In the early A.M. we thought dry lightning had ignited a fire on the far side of the ridge behind Albert’s house. But when I walked out on the porch, the sky was clear, the stars bright, and there was no trace of smoke in the air. Then we realized we were seeing the lights of emergency vehicles wending their way through the Douglas fir trees and ponderosa pines and that a helicopter was sweeping the canopy with a floodlight from the far side of the ridge.
At sunup Joe Bim Higgins’s cruiser pulled into Albert’s drive. Fifteen minutes later, the two of them drove to our cabin and tapped on the door. Molly was still in her bathrobe. I went out on the porch in the coldness of the morning and closed the door behind me. A helicopter swept by overhead, its searchlight off now, scattering the horses in the pasture.
Joe Bim was smoking a hand-roll, its tip wet with saliva.

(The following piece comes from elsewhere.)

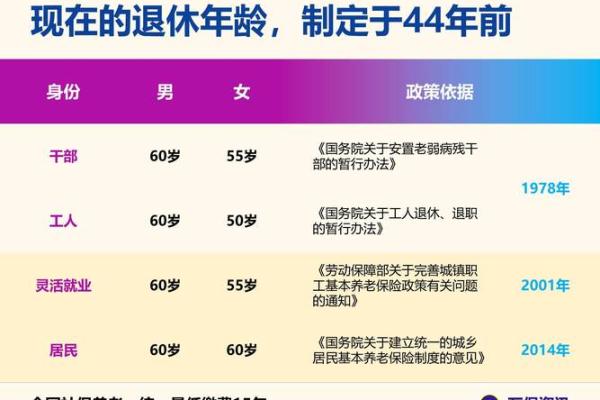 1979年女哪年退休延迟退休 1979年什么时候退休女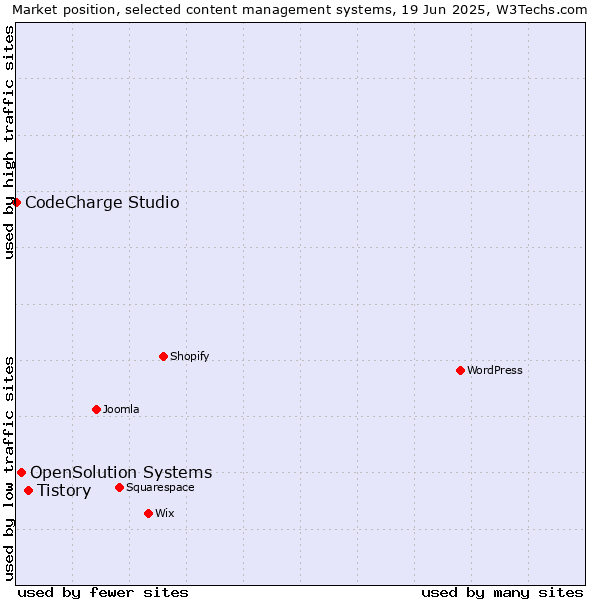 Market position of Tistory vs. OpenSolution Systems vs. CodeCharge Studio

He asked if I had seen any activity on the hill behind Albert’s house two nights previous.
“I didn’t see anything. Maybe I heard a vehicle,” I said.
“What time?”
“After midnight. I didn’t pay it much mind,” I said.
“Know what kind of vehicle?” he asked.
“A car.”
He wrote on a notepad. “You didn’t think that was unusual?” he said, not looking up.
“Some loggers from the Plum Creek Company have been working up there,” I said.